Reputation: 23
I am trying to make a weighted dodged bar plot with ggplot2. With stacked bars the behavior is as expected:
df <- data.frame(group = rep(letters[1:3], each = 4),
sex = rep(c("m", "f"), times = 6),
weight = 1:12)
ggplot(df, aes(x = group, fill = sex, y = weight)) +
geom_bar(stat = "identity")
The bars have length equal to the total weight.
If I add position = "dodge", the length of the female group a bar is 4 rather than the expected 6. Similarly, all other bars are only as long as the highest weight in each group & sex combination rather than representing the total weight.
ggplot(df, aes(x = group, fill = sex, y = weight)) +
geom_bar(stat = "identity", position = "dodge")

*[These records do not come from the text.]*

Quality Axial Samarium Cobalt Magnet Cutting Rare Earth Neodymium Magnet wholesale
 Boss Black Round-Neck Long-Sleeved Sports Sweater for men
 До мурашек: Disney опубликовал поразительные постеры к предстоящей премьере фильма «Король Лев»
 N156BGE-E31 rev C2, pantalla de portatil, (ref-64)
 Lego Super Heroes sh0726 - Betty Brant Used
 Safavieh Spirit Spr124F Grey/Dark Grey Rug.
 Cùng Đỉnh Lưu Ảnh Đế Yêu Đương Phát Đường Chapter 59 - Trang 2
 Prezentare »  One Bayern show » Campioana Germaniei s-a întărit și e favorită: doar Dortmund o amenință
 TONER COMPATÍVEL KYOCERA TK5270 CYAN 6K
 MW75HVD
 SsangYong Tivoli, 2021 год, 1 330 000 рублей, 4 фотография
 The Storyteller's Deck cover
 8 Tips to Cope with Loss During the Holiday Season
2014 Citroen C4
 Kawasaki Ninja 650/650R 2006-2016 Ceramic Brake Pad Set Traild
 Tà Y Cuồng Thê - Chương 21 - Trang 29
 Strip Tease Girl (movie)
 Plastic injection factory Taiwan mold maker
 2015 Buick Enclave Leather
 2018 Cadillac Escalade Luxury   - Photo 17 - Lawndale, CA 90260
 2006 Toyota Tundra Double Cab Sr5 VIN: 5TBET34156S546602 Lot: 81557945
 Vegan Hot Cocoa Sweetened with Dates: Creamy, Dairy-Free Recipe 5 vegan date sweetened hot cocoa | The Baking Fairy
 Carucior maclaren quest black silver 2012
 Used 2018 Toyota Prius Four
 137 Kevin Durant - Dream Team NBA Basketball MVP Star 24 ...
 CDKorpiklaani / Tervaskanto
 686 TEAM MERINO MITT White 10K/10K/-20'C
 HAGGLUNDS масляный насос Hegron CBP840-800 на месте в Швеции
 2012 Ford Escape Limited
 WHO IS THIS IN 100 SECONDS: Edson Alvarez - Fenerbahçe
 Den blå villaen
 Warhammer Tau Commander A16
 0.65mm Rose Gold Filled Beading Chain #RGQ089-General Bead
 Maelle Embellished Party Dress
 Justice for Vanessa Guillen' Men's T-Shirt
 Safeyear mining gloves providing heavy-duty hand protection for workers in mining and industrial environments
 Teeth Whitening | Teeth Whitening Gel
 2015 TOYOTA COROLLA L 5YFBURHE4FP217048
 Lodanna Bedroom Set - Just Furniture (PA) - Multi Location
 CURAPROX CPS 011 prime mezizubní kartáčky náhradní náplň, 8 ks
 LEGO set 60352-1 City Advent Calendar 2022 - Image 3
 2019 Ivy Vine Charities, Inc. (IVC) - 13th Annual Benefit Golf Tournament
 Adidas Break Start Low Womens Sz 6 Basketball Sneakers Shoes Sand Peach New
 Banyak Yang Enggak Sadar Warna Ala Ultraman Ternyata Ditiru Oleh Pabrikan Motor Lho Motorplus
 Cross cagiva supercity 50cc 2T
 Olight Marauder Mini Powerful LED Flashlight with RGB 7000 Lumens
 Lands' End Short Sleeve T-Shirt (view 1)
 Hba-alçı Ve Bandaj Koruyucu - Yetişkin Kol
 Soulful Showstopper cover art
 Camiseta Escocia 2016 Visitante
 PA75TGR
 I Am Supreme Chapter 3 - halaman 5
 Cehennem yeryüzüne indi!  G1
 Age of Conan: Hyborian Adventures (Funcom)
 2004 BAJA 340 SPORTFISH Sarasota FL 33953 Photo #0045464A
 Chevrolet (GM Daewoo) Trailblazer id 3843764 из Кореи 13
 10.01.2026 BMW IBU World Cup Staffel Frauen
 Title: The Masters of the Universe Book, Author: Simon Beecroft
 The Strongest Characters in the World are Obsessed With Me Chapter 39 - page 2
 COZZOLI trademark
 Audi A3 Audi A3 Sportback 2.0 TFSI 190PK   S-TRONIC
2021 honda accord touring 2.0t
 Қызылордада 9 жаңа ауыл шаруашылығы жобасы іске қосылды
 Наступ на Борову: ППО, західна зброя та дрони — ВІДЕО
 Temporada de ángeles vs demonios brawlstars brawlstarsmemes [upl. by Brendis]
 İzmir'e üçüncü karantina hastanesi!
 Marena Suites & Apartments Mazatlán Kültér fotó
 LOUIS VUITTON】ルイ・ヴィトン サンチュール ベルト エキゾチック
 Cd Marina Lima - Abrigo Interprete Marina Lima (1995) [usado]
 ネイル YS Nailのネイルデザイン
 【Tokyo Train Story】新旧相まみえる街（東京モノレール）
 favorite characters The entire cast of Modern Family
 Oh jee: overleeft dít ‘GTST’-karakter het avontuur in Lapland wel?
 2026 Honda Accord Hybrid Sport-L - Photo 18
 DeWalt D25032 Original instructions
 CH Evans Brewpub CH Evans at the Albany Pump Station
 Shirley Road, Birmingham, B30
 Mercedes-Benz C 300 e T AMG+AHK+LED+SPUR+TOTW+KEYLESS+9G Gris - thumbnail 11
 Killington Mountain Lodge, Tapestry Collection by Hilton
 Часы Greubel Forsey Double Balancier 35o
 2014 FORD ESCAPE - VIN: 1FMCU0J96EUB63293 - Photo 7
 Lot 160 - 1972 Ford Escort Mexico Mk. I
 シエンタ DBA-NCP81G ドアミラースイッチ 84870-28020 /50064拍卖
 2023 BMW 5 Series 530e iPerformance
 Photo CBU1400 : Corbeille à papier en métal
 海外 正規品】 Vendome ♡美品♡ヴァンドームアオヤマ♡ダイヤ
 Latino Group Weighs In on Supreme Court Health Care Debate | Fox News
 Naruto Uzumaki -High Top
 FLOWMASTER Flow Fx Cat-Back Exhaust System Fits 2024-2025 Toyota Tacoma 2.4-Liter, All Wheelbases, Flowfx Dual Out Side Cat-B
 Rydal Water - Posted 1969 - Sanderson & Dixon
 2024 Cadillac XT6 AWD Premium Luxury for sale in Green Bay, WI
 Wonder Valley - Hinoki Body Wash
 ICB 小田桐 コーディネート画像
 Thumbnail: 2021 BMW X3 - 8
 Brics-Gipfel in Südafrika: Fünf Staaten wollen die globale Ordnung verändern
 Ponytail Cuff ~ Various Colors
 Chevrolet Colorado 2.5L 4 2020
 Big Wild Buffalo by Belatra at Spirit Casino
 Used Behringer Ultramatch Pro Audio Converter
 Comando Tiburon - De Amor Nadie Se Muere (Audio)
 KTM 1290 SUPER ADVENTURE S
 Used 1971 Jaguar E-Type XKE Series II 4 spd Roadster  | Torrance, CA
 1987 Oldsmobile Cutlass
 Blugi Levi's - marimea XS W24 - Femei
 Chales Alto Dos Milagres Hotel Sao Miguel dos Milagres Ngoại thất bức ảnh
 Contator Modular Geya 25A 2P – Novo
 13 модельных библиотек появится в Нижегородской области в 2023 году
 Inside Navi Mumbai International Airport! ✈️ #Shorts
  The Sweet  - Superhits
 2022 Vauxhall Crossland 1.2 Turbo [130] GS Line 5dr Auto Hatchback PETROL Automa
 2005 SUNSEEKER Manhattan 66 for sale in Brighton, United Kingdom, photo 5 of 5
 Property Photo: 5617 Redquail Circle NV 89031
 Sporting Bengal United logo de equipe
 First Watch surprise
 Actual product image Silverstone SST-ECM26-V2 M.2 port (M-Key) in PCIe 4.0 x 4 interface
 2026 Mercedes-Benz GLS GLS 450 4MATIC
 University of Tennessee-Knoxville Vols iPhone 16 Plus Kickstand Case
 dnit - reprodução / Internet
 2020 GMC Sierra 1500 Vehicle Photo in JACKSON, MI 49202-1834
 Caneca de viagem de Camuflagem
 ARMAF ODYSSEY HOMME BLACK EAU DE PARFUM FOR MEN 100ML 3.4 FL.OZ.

How do I make the bar lengths match the total weight?
Upvotes: 1
Views: 3216
Reputation: 29125
@kath's explanation is correct.
Another alternative, if you don't want to summarise the data frame before passing it to ggplot()
: use the stat_summary()
function instead of geom_bar()
:
ggplot(df, aes(x = group, fill = sex, y = weight)) +
stat_summary(geom = "bar", position = "dodge", fun.y = sum)
Upvotes: 3
Reputation: 7734
You can first summarise the data in your desired way and then plot it:
library(dplyr)
library(ggplot2)
df %>%
group_by(group, sex) %>%
summarise(total_weight = sum(weight)) %>%
ggplot(aes(x = group, fill = sex, y = total_weight)) +
geom_bar(stat = "identity", position = "dodge")
The problem with your original approach is that as you have several values of weight for one group, sex combination and then specify stat="identity"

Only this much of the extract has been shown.